Venture capital’s lack of geographic and entrepreneurial diversity is starting to get attention. Recognizing the importance of spreading equity investments, entrepreneurs like Steve Case have made a concerted effort to increase the amount of VC dollars reaching heartland America through initiatives like “Rise of the Rest.” Congressman Ro Khanna, who represents Silicon Valley, and Congressman Tim Ryan, who represents an Ohio district, have called on venture capital funds to expand their scope of interest and push money towards possibly unconventional locations.9 Venture capital funds should look to expand equity capital to more communities around the country, but it’s unlikely the industry is going to fix this problem on its own.

The Solution: The $60 Billion Opportunity Fund

An Opportunity Fund will drastically enhance opportunity for entrepreneurs and small business owners by providing $60 billion in equity capital funding to businesses in currently overlooked areas.

The fund will be capitalized with $5 billion for the first year, $10 billion for the second, and $15 billion for the remaining three years. This money will be distributed to states based on certain variables that could include:

  • Venture capital dollars invested in the state as a percentage of GDP over the last ten years
  • Whether or not regions of the state lost or gained businesses and jobs over the last ten years
  • Startups as a percentage of overall businesses in the state

States with a low amount of venture capital dollars, states with regions that have lost businesses and jobs, and states that have struggled to build a vibrant startup ecosystem will be given more money for their Opportunity Fund than states that are healthy on these measures.

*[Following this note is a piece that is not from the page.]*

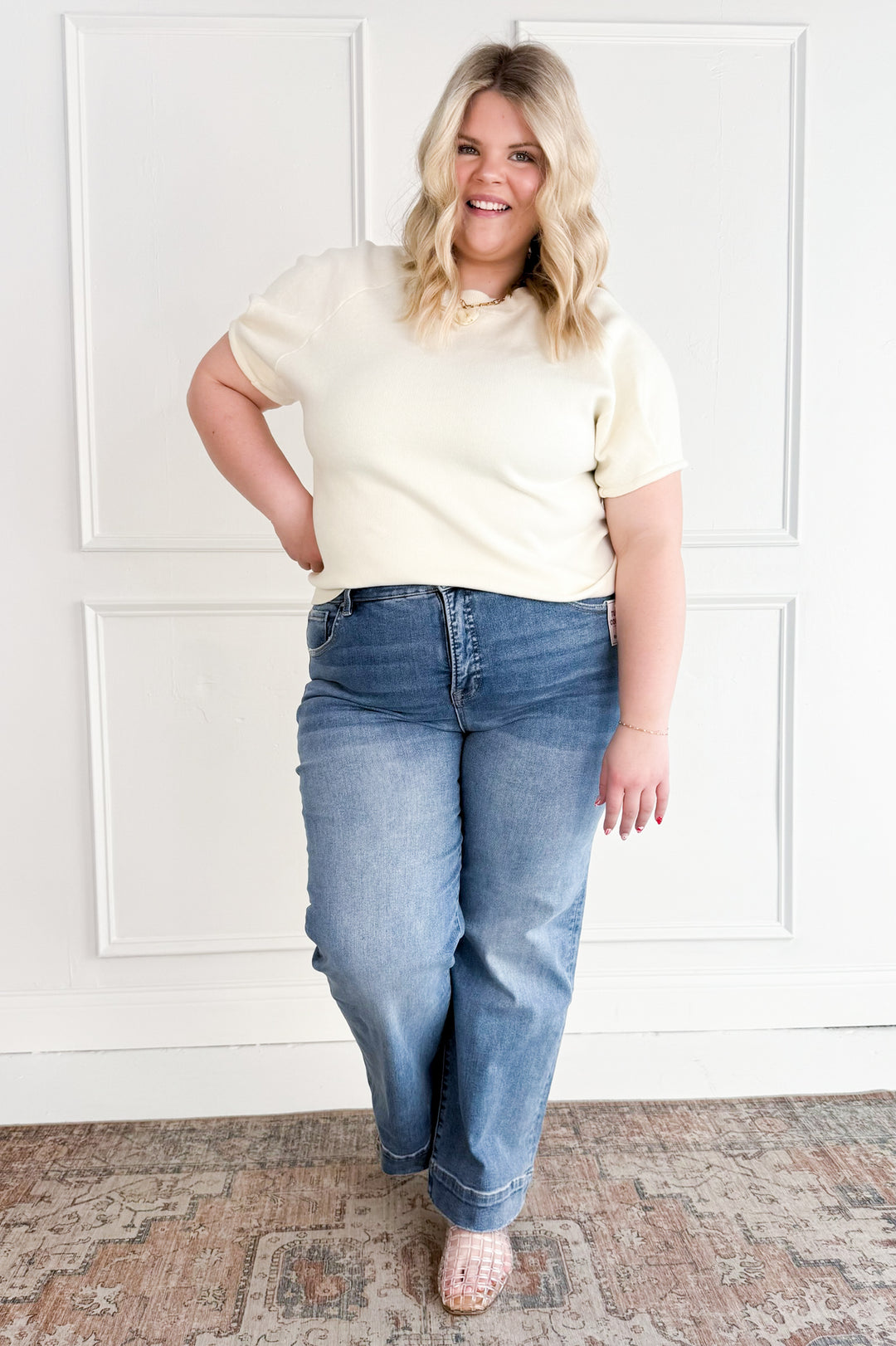 Risen High Rise Straight Curvy Jeans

Once states receive their allocation from the federal government, they can administer funds in one of three ways. Each of the following three models was tested during the State Small Business Credit Initiative (SSBCI) created by President Barack Obama that experimented with ways to increase access to capital for small businesses across the US.10

First, a state can create a state fund. Under this option, a state creates an investment fund and hires an investment manager that then chooses where to invest the money. To fulfill a matching requirement from the private sector, the state fund manager can choose to either partner with local venture capital funds in the state or raise money from private investors. This particular option would likely be popular in states that have a very limited number of venture capital funds currently in operation.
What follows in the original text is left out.